== Listed entries ==

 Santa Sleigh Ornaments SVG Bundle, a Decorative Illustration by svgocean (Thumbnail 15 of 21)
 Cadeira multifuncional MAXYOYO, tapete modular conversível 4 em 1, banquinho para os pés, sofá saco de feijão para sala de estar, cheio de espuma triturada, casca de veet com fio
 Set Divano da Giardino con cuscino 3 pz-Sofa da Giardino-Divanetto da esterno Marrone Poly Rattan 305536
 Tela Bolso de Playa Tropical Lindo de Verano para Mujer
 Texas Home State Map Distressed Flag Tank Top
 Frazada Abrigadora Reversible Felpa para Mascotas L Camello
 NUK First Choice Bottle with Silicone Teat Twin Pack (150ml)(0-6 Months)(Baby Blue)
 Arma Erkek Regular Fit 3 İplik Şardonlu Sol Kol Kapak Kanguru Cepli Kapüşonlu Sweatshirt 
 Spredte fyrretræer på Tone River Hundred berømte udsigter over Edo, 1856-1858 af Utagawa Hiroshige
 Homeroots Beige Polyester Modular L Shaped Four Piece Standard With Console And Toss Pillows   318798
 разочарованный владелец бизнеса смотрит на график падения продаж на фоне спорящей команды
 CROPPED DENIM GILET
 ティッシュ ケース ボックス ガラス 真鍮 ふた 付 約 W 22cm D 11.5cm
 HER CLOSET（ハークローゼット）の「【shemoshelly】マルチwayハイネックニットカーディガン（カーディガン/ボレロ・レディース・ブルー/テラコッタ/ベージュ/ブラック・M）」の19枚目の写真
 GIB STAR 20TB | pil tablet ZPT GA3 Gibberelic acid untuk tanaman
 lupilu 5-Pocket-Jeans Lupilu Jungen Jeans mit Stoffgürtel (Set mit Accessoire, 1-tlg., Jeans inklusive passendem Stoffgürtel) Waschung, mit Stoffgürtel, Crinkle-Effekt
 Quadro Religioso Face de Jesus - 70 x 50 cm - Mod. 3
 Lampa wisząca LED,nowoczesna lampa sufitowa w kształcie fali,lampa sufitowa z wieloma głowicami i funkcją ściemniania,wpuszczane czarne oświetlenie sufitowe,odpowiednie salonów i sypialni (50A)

===

--- What to do ---
Which lines hold the word "para"? Copy each of them from the records.

--- Problem solution ---
 Cadeira multifuncional MAXYOYO, tapete modular conversível 4 em 1, banquinho para os pés, sofá saco de feijão para sala de estar, cheio de espuma triturada, casca de veet com fio
 Tela Bolso de Playa Tropical Lindo de Verano para Mujer
 Frazada Abrigadora Reversible Felpa para Mascotas L Camello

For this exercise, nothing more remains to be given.